Oilseeds: why eat them?

Looking for a healthy snack? Why not turn to oilseeds? As well as providing you with a host of nutrients essential to good health, they're also a perfect alternative to snacks that are often far too sweet... Let's take a closer look at oilseeds and their benefits.

What are oilseeds?

 According to the Larrousse dictionary, oilseeds are defined as follows: "Plants cultivated for their lipid-rich seeds or fruits, from which edible oils are extracted and whose extraction residues are used in livestock feed (soybean, rapeseed, sunflower, peanut, etc.)."

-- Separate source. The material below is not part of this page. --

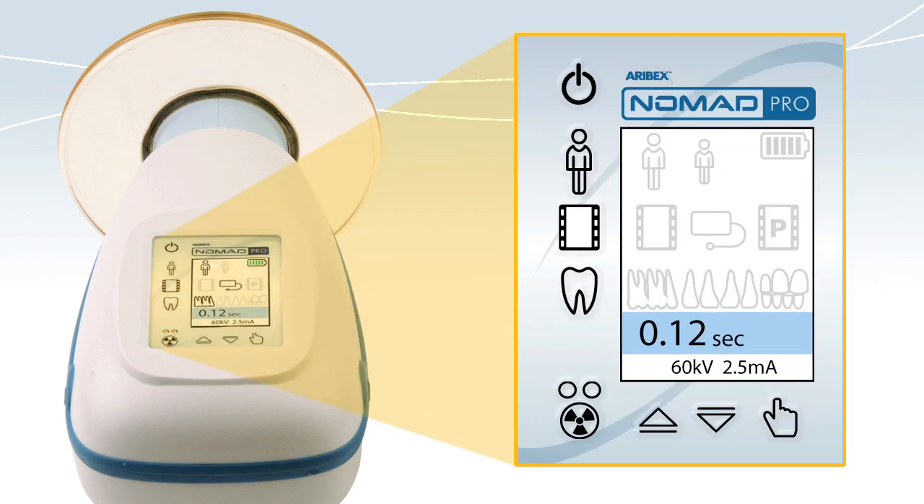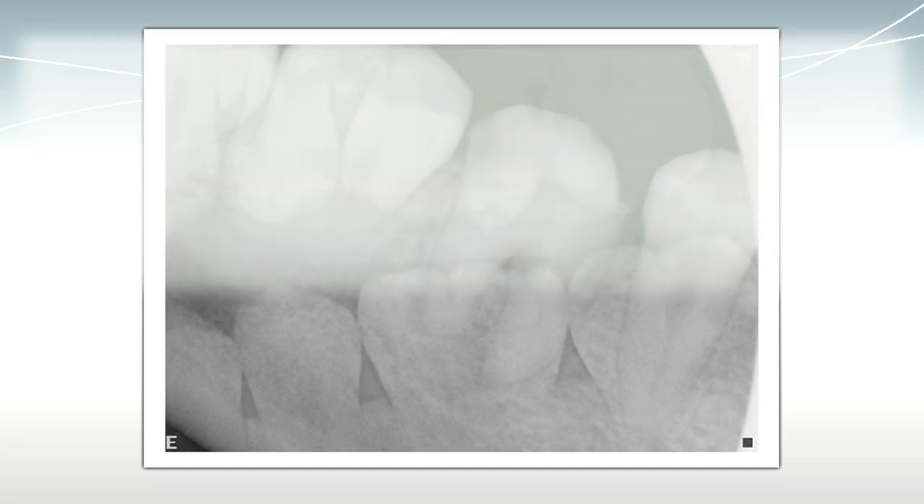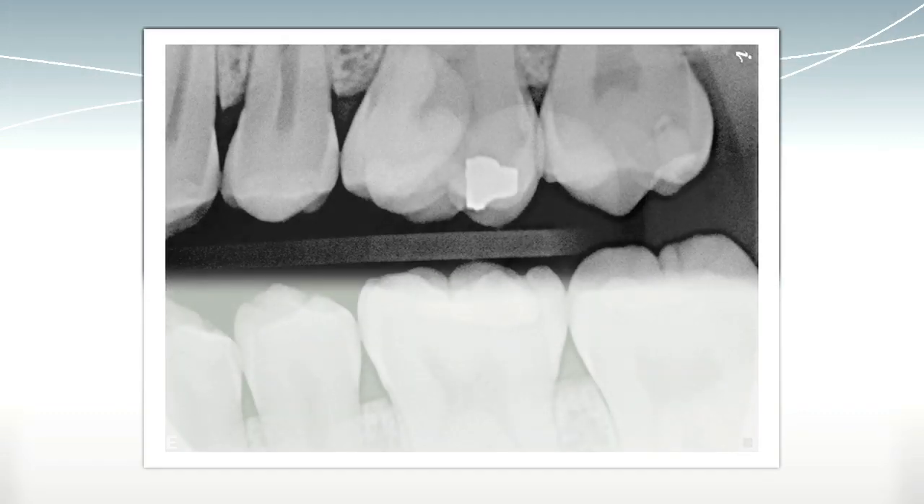Nomad Pro's control panel is easy to use. In the upper right is the battery indicator. On the left are adjustments for adult or child patients, film, digital sensors or phosphor plate receptors, and anterior, posterior, or bite-wing views. The exposure time is preset, but it can also be adjusted and saved manually.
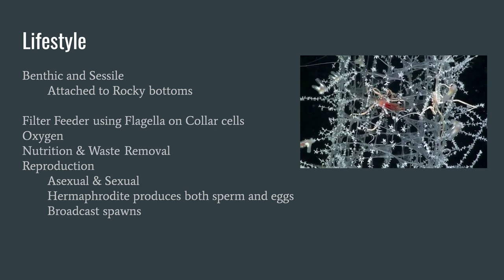As a sponge, this creature has a very simple life. It is benthic and sessile, attaching to the ocean floor and getting nutrients from filter feeding using flagella on collar cells. They have oxygen respiration, nutrition and waste removal cycles, and reproduce asexually and sexually with broadcast spawning.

These include all nuts and oil seeds. Here's a list of the most common:

Oleaginous fruits Oilseeds
Almond Hemp Seed
ArachidChia seeds
NoixPumpkin seeds
Brazil nutsFlaxseed
Cashew nutsPoppy seeds
Macadamia NoixSesame seeds
Pecan nutsSunflower seeds
Noisette
Olive
Sprocket
Pistache

Oilseeds, a concentrate of good nutrients

Most oilseeds are rich in vitamins:

  • E (which you'll discover below), 
  • B1 (thiamine)
  • B2 (riboflavin)
  • B9 (folic acid) .

In terms oftrace elements and minerals:

  • Calcium
  • Magnesium
  • Phosphore
  • Potassium
  • Zinc

Oilseeds, a source of good fats

Rich in omega 3 and 6 for the most part, they provide the body with essential fatty acids, enabling the various organs to function properly. These fatty acids are "essential" because your body cannot synthesize them. They must therefore be supplied daily by a quality diet.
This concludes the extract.